Consider a least squares (LS) probelm $$\mathbf{x}_\text{LS} = \arg \min_{\mathbf{x}\in\mathbb{R}^d}\Vert \mathbf{y-Ax} \Vert_2^2,$$ where $\mathbf{y}\in\mathbb{R}^n$, $\mathbf{A}\in\mathbb{R}^{n\times d}$ and $\mathbf{x}\in\mathbb{R}^d$.
We can use both normal equation and gradient descent to solve it.
Suppose that $\mathbf{A}$ is full-column rank, the solution of normal equation can be written as $$\mathbf{x}_\text{LS} = \left( \mathbf{A}^\top\mathbf{A} \right)^{-1}\mathbf{A}^\top\mathbf{y}.$$ The computational complexity of $\mathbf{C} = \mathbf{AA^\top}$ is $\mathcal{O}\left( nd^2 \right)$, $\mathbf{d} = \mathbf{A^\top y}$ is $\mathcal{O}\left( nd \right)$, the Cholesky factorization of $\mathbf{C} = \mathbf{GG^\top}$ is $\mathcal{O}\left( d^3/3 \right)$, and solution of $\mathbf{GZ=d}$ and $\mathbf{G^{\top} x_\text{LS} = z}$ is $\mathcal{O} \left( d^2 \right)$. So the total computational complexity of normal equation is $$\mathcal{O}\left( nd^2 + nd + d^3/3\right)$$ For the gradient descent, the solution can be written as $$\mathbf{x}^k = \mathbf{x}^{k-1} - 2\mu\left(\mathbf{A^\top A}\mathbf{x}^{k-1} - \mathbf{A^\top y}\right),\ k=1,2,\dots,$$ where $\mu>0$ is the step size.
The computational complexity for each iteration is as follows.

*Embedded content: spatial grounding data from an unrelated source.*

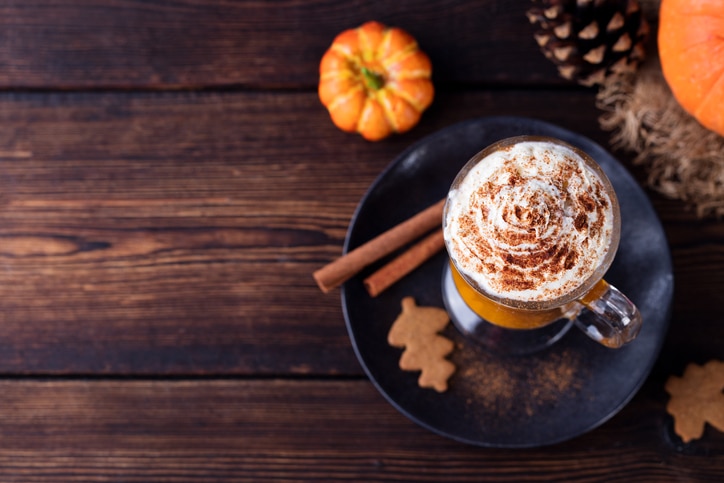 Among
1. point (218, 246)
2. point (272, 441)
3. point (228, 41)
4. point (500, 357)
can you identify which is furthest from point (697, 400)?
point (228, 41)

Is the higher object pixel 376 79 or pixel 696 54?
pixel 696 54

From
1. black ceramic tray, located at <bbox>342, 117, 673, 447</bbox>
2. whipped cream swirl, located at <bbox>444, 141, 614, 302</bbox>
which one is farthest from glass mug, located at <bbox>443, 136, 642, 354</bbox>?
black ceramic tray, located at <bbox>342, 117, 673, 447</bbox>

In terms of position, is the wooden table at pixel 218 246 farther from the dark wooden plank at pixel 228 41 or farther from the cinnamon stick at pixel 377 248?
the cinnamon stick at pixel 377 248

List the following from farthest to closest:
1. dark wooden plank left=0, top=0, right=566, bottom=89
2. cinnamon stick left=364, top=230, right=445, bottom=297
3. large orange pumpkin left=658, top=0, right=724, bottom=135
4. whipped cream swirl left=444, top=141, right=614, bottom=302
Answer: dark wooden plank left=0, top=0, right=566, bottom=89, cinnamon stick left=364, top=230, right=445, bottom=297, large orange pumpkin left=658, top=0, right=724, bottom=135, whipped cream swirl left=444, top=141, right=614, bottom=302

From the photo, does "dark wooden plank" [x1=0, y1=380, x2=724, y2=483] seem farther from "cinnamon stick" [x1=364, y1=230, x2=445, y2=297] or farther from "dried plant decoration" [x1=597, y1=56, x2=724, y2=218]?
"dried plant decoration" [x1=597, y1=56, x2=724, y2=218]

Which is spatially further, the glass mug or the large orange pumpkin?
the large orange pumpkin

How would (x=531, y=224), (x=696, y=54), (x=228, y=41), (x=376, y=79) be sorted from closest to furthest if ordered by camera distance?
1. (x=531, y=224)
2. (x=696, y=54)
3. (x=376, y=79)
4. (x=228, y=41)

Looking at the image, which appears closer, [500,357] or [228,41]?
[500,357]

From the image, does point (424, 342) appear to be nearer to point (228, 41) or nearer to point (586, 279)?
point (586, 279) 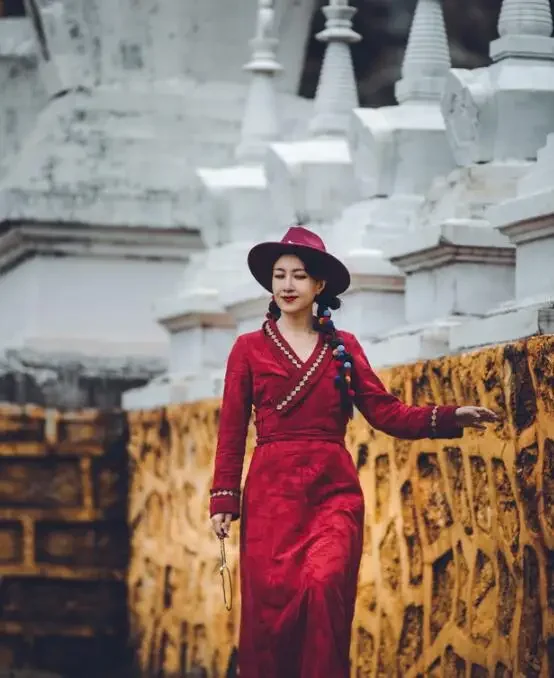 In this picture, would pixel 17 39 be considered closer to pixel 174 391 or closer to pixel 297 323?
pixel 174 391

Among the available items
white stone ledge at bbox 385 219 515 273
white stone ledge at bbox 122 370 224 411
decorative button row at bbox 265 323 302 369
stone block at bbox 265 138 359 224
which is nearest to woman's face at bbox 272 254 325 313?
decorative button row at bbox 265 323 302 369

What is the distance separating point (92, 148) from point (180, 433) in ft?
11.8

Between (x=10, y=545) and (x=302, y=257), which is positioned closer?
(x=302, y=257)

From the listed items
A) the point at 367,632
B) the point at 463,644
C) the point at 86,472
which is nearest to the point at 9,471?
the point at 86,472

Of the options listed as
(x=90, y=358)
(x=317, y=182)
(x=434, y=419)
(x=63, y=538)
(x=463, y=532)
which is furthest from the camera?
(x=90, y=358)

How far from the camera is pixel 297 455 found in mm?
10086

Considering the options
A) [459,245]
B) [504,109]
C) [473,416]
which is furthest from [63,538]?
[473,416]

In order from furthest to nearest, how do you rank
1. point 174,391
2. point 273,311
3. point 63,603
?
point 63,603
point 174,391
point 273,311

$\mathbf{C = A^\top A}$ is $\mathcal{O}\left( nd^2 \right)$, which can be computed only once since we can store it in cache. $\mathbf{A^\top y}$ is $\mathcal{O}\left( nd \right)$. $\mathbf{C}\mathbf{x}^{k-1}$ is $\mathcal{0}\left( d^2\right)$. And a subtraction for $\mathbf{x}^{k-1} - 2\mu\left(\mathbf{A^\top A}\mathbf{x}^{k-1} - \mathbf{A^\top y}\right)$ is $\mathcal{O}\left(d\right)$. So the total computational complexity is $$\mathcal{O}\left( nd^2 + nd + T\left( d^2 + d\right)\right),$$ where $T$ is the total iteration number. Here is the first question: In Andrew Ng's course on Coursera, the computational complexity of gradient descent for solving least squares is $\mathcal{O}\left( d^2\right)$, which should be calculated using this method. However, why can he ignore the term $nd^2$.
We can also rewrite gradient descent as $$\mathbf{x}^k = \mathbf{x}^{k-1} - 2\mu\mathbf{A^\top}\left(\mathbf{ A}\mathbf{x}^{k-1} - \mathbf{y}\right),\ k=1,2,\dots,$$ where we take out $\mathbf{A}^\top$. By doing so, we can easily compute the total computational complexity is $$\mathcal{O}\left( T\left( 2nd+n+d \right) \right),$$ where $T$ is the total iteration number.
Here is the second question. So far, we have three computational conplexity, which depend on $T,n,d$. So my question is:
In gradient descent method, which complexity is better? And is there a minimum complexity among these three complexities, or dose we need to judge them case by case based on $T,n,d$? On the other words, in what scenarios should we use normal equation, and in what scenarios should we use gradient descent? For example, if $T$ is larger than $n,d$, is it better to use normal equation to solve the problem instead of gradient descent?